Shareholder Value, Corporate Governance and Corporate Performance: A Post-Enron Reassessment of the Conventional Wisdom
30 Pages Posted: 10 Dec 2003
Abstract
The notion that the primary, or in extreme versions, the only legitimate goals of corporate management and governance should be to maximize the value of the shareholders' interest in the company is based on a series of elegant and facile, but deeply flawed assumptions about the nature of the relationships among corporate participants, about how financial markets work, about how human beings work together in groups, and about what the law requires. Contrary to these assumptions, shareholders are neither the "owners" of corporations, nor the only claimants with investments at risk; stock prices do not always accurately reflect the true underlying value of equity securities; managers will not necessarily do a better job of running corporations if they focus solely on share value, or if they are heavily incentivized with stock options, or if they are constantly vulnerable to being ousted in a hostile takeover; and corporate law does not require shareholder primacy.
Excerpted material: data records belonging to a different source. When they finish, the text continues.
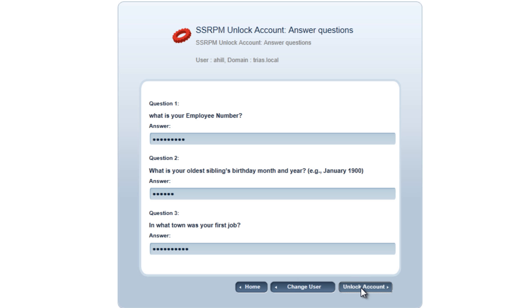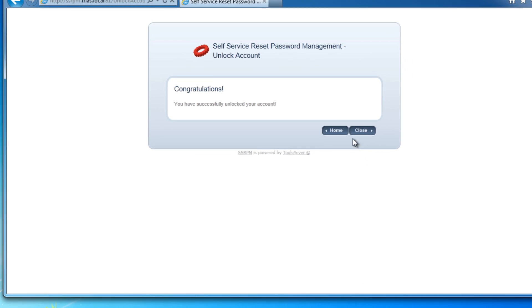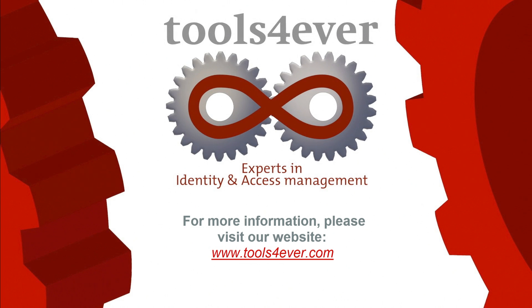The last step is unlocking the user account. For more information, please visit our website at www.toolsforever.com.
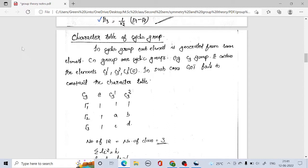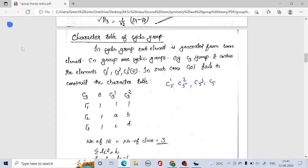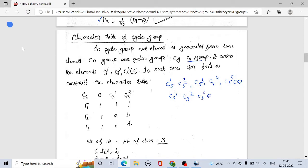The elements of C5 are: C5 to the power 1, C5 to the power 2, C5 to the power 3, C5 to the power 4, and C5 to the power 5, which is equal to the identity operation. Here we are going to construct the character table of a cyclic group, taking C3 point group as our example. The elements of the C3 point group are E, C3 to the power 1, C3 to the power 2, and C3 to the power 3, which is obviously the identity operation.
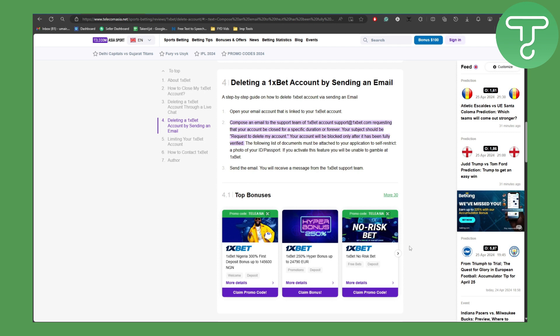Your subject should be 'Request to delete my account'. Your account will be blocked only after this has been fully verified. The following list of documents must be attached to your application to self-restrict: a photo of your ID or passport.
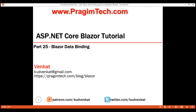This is part 25 of the Blazor tutorial. In this video, we'll discuss data binding in Blazor, both one-way data binding and two-way data binding with examples.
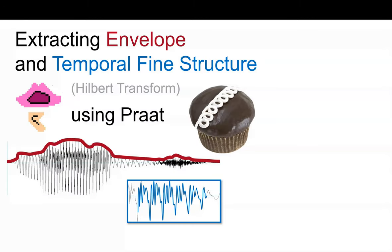A really useful skill to have if you're working with audio is knowing how to extract the envelope and the temporal fine structure. In this episode, we'll learn how to do this using Praat and what considerations we should take when doing it.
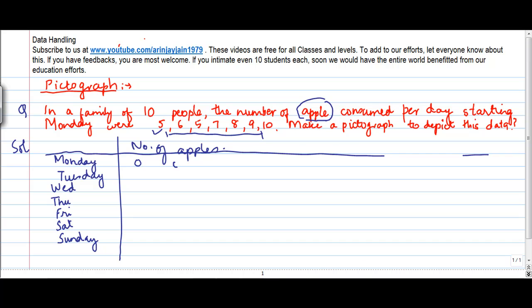So on Monday there were 5 apples — 1, 2, 3, 4, 5. Tuesday you had 6 — 1, 2, 3, 4, 5, 6. I am making pictures as to the number of apples which were consumed to depict the quantity used.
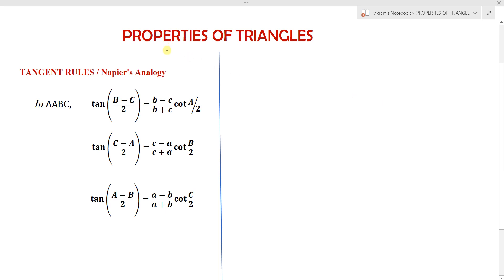In previous lectures on properties of triangles, we covered the sine rule and cosine rules. In this lecture, we are going to learn about the tangent rules. The statement for the first tangent rule is: in a triangle ABC, tan of (B minus C) by 2 equals (b minus c) by (b plus c) into cot(A/2), where small b and small c are the lengths of the sides and capital B, C are the angles.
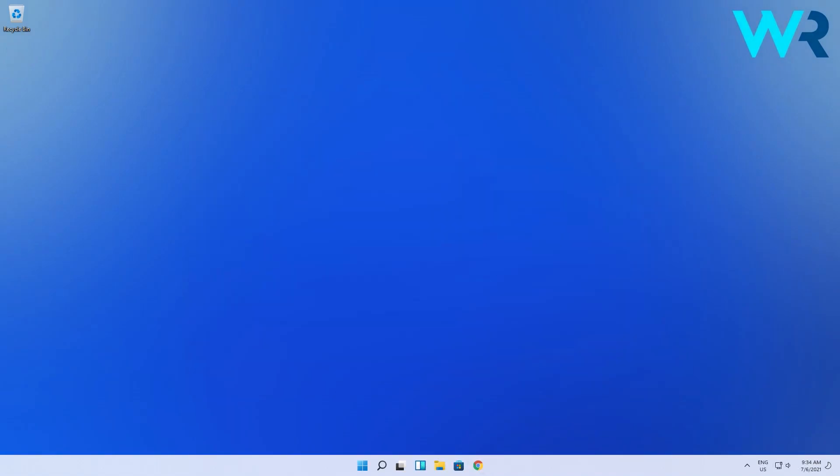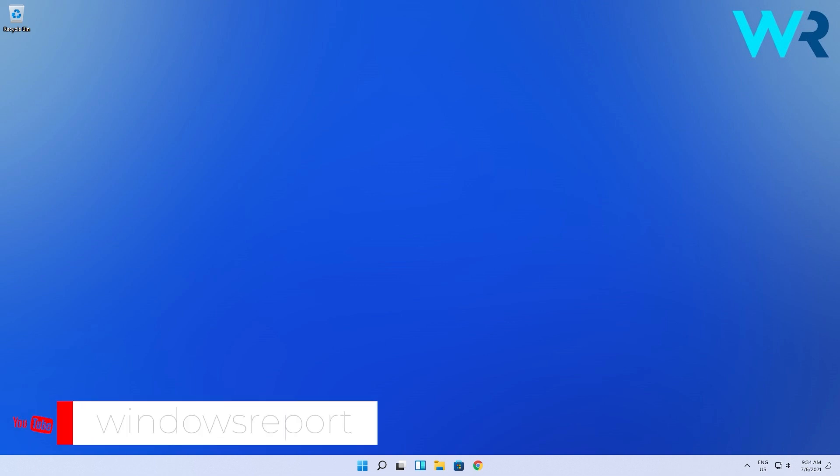And that was it. Now you can truly consider yourself the greatest Windows 11 administrator. As usual, for more information and details, you can check the article in the description below. And if you enjoyed this video, just make sure to like and subscribe to our channel. Thank you.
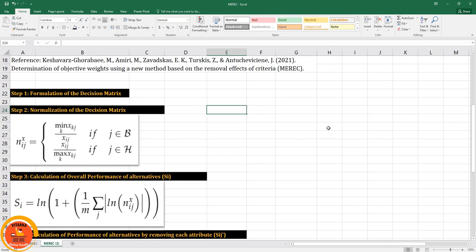In this video I am going to discuss a new objective weighing method called the Method Based on Removal Effects of Criteria (MEREC). These are the references I am following for solving this objective weighing method.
Instead, this essay suggests that, once basic societal and business institutions are in place, such as rule of law, sophisticated and uncorrupted courts, an independent accounting profession, liquid financial markets and an adequate securities regulation system, the principle element needed to foster wealth creating productive activity may be a powerful set of cultural norms emphasizing personal and group integrity, cooperative behavior among team members, and responsibility in the team's relationships to the larger communities in which it operates.